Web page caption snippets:
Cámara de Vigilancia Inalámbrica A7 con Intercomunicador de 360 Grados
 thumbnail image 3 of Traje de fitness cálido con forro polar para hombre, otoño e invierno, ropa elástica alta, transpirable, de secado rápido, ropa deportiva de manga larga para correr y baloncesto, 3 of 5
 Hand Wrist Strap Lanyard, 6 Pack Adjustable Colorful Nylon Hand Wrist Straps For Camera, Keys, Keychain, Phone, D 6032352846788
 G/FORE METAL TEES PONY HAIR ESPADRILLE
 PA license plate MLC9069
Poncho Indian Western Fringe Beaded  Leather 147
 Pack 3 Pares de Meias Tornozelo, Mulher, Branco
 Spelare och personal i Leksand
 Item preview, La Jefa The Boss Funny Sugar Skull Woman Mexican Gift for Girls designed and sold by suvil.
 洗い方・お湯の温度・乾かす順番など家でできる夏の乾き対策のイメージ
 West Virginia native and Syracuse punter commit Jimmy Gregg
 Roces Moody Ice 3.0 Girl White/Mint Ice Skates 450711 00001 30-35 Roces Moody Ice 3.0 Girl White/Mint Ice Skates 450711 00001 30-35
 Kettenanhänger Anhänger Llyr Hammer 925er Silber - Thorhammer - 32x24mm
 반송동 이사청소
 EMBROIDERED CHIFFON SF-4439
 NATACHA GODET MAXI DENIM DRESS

__ABOUT THIS EXERCISE__:
Reproduce exactly the lines from the one containing "EMBROIDERED CHIFFON SF-4439" through the last line of the records, both included, and nothing else.

__WRITTEN RESPONSE__:
 EMBROIDERED CHIFFON SF-4439
 NATACHA GODET MAXI DENIM DRESS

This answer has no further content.